To test whether endogenous growth factors play a role in the regulation of twitch kinetics, we blocked these growth factors with either neutralizing antibodies or binding proteins. As mentioned in “Materials and methods”, doses used to neutralize endogenous growth factors were based on previous reports [3, 11, 12]. Treatment with IGFBP4 (2×1 µg) significantly prolonged both twitch contraction time (p<0.001) and half relaxation time (p<0.001) by 35% and 22%, respectively, when compared with those of the IgG control group (Fig. 1b; Table 1). Neutralizing endogenous GDNF also prolonged the contraction time. Compared with the normal IgG control experiment, the contraction time was increased by 20%, and this difference was statistically significant (p=0.027). However, the antibody against GDNF had no effect on the half relaxation time. The treatment with anti-CT1 (2×1 µg) did not significantly change either contraction time or half relaxation time. Since exogenous CT1 had significant effects on contraction time (see above), one possible explanation is that the antibody against mammalian CT1 does not recognize the endogenous chicken ligand (or a crucial site thereon) where it binds to the LIF- or gp130 receptor, but the observation that the antibody reduced force significantly (see below) indicates that it was able to block some of CT1’s effects. Nevertheless, we conclude that endogenous IGFs and endogenous GDNF act to shorten the twitch contraction time of EOMs.
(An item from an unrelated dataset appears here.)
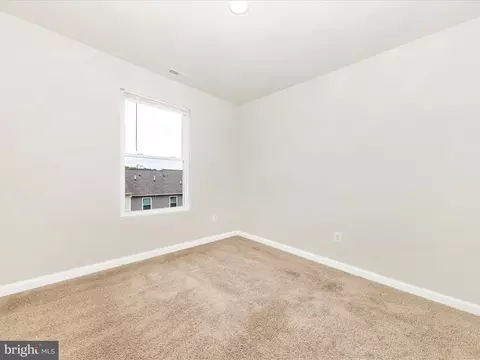 136 Cramsford St, Falling Waters, WV 25419 photo 33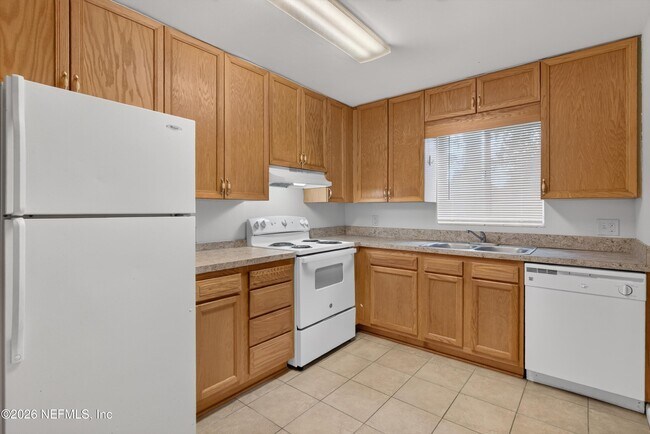 Building Photo - 2618 Arlex Dr E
Effects of growth factors and inhibitors on contractile force

We previously reported that IGF1 and CT1 enhance the contractile force of EOMs [11, 38]. To determine whether the speed-enhancing and force-enhancing effects among growth factors are linked or are independent from each other, we measured the contractile force after treatment of EOMs with the same growth factors in either gain-of-function or loss-of-function experiments.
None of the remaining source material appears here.